(Work item): Could you return, exactly as written, only the lines from the one holding "2nd image of 743 Timber Creek Trl" through the final line of the records below?

(Given information):
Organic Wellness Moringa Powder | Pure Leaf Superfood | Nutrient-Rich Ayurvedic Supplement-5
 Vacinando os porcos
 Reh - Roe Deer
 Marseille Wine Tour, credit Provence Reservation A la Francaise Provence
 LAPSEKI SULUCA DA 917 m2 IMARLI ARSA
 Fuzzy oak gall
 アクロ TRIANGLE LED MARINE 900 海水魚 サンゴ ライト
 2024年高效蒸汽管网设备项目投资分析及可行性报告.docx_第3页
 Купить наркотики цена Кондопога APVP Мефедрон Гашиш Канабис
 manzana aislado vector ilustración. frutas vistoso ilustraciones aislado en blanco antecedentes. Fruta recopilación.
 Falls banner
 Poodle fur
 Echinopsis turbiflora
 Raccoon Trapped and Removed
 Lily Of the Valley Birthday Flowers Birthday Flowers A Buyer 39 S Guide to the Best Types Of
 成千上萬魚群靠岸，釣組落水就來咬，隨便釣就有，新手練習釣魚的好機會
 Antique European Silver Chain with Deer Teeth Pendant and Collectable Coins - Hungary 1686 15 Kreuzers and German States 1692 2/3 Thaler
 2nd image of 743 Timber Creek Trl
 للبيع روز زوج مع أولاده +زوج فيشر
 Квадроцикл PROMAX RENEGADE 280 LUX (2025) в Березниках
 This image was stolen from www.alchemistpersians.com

(Expected answer):
 2nd image of 743 Timber Creek Trl
 للبيع روز زوج مع أولاده +زوج فيشر
 Квадроцикл PROMAX RENEGADE 280 LUX (2025) в Березниках
 This image was stolen from www.alchemistpersians.com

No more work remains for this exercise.